The Idiocy Behind Airline Mergers (CAL)(NWA)(UAUA)(DAL)(AMR)

Depending on which rumor is true, Delta (NYSE: DAL) may merge with Northwest (NYSE: NWA), or United (NASDAQ: UAUA).

The math behind airline mergers doesn’t add up, and the fact that the two most successful airlines in the US, American (NYSE: AMR) and Southwest (NYSE: LUV) are not merger happy is because they know the weakness of the math.

A merger of two airlines does nothing to save fuel costs. The price of planes does not get cut. Over time reservations and customer service personnel can be chopped down, but the consumer’s experience is almost always undermined in the process. Putting two reservations systems together is widely acknowledged as being a nightmare. Cutting the costs of crew and pilots may also take a long time because of union resistance.
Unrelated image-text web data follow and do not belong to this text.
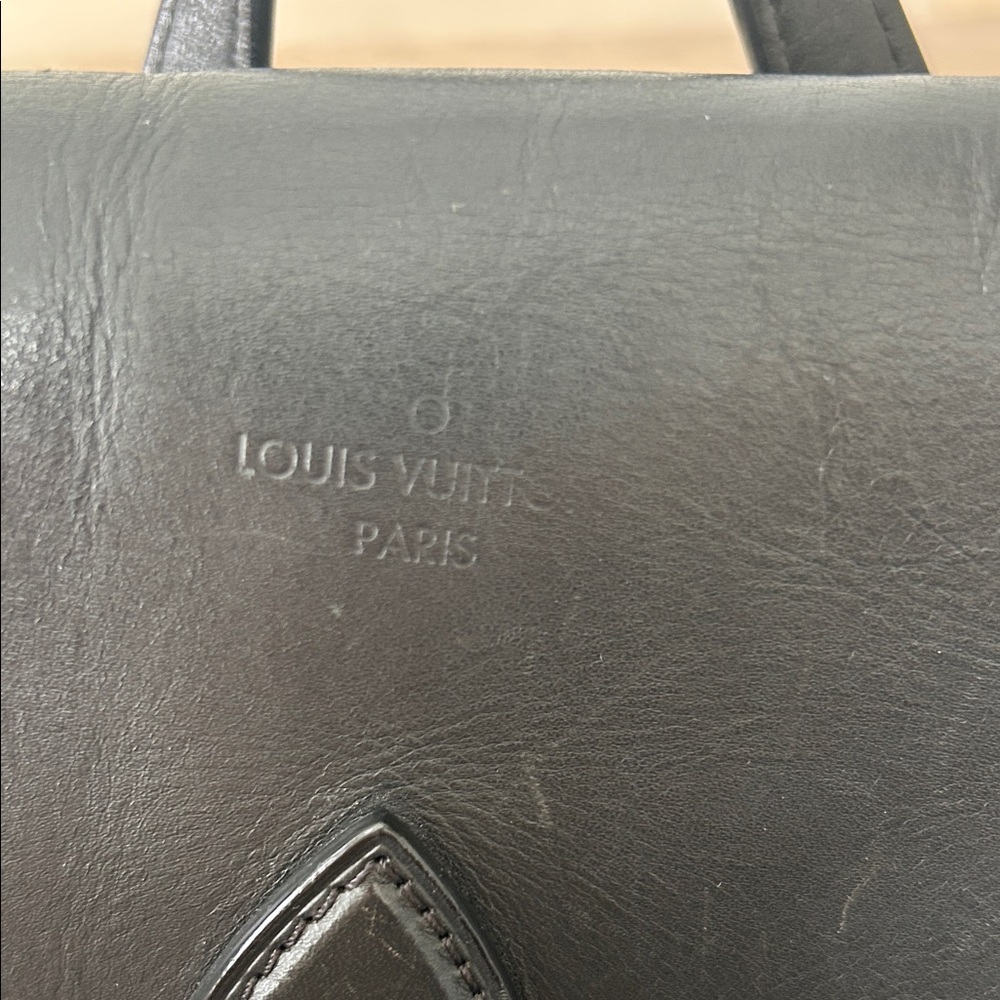 100% Authentic Louis Vuitton Brown Monogram Backpack with Black Leather Flap - Picture 4 of 15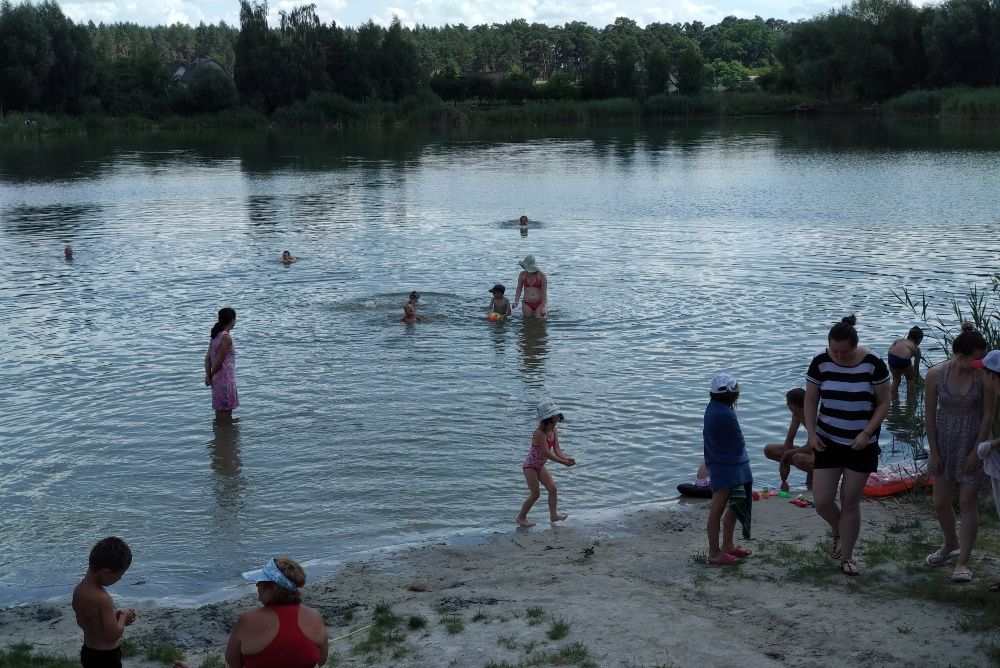 Терміново 18 соток будови СК Прогрес Нова Українка біля Піщаного озера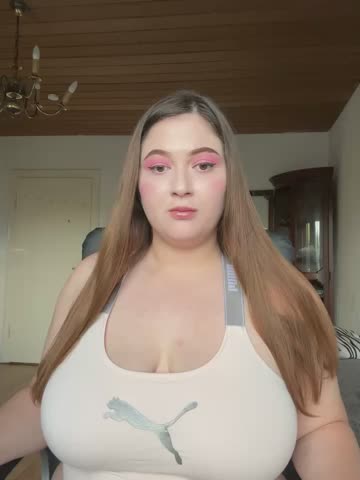 Kamilla_Loop Cam Show Recorded 2025-05-20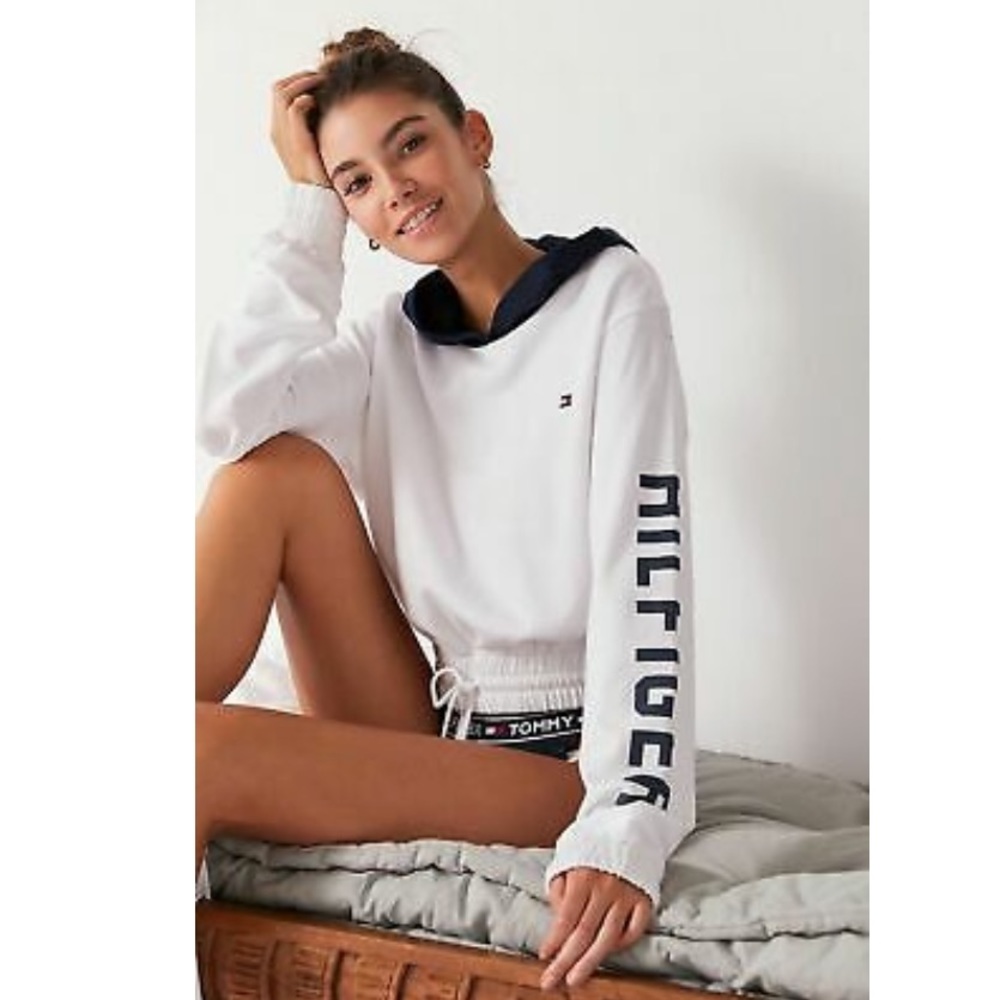 Tommy Hillfiger Crop Hoodie with Logo White Small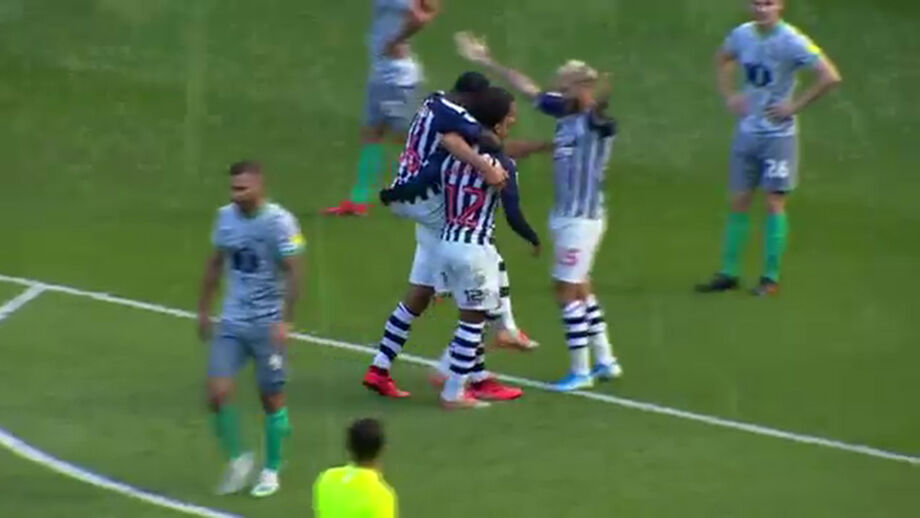 Ingleses rendidos a Matheus Pereira: duas assistências na estreia a titular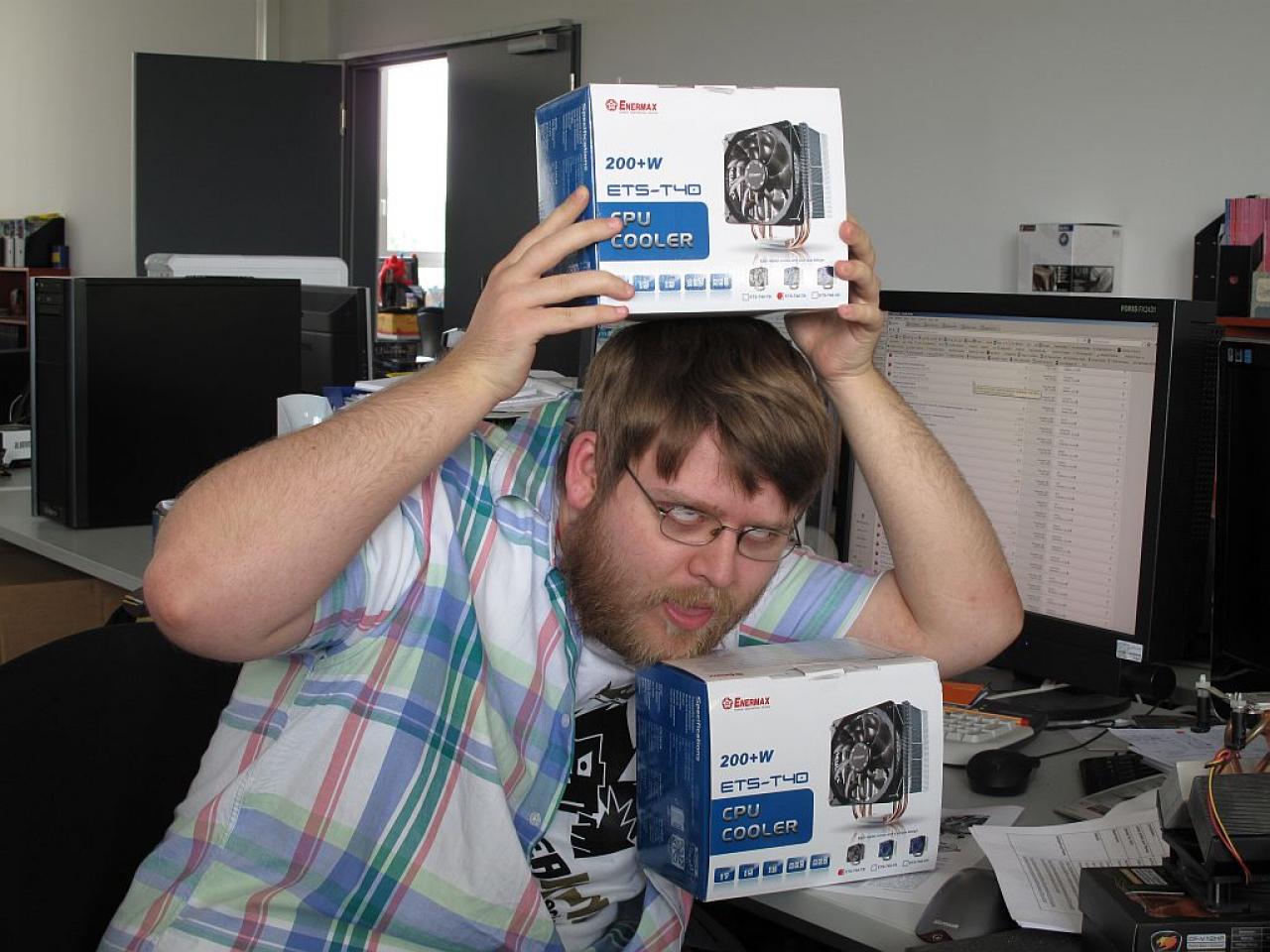 [02/09/2011] Stefan wird fast von Arbeit erschlagen: Hoffentlich bekommt er den Test für die neuen CPU-Kühler von Enermax vorher noch fertig.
As The New York Times points out  "Any cost reductions, for example, could easily be eaten up by higher wages required to win labor’s support for a deal."

Northwest, which bought Republic Airlines, went into Chapter 11 in 2005. Continental, which bought Texas Air, filed for bankruptcy in 1983. In 1991, after taking over People Express and several other airlines, Continental filed again.

Mergers distract airlines for serving the customer population, and there is no evidence that they save a dime.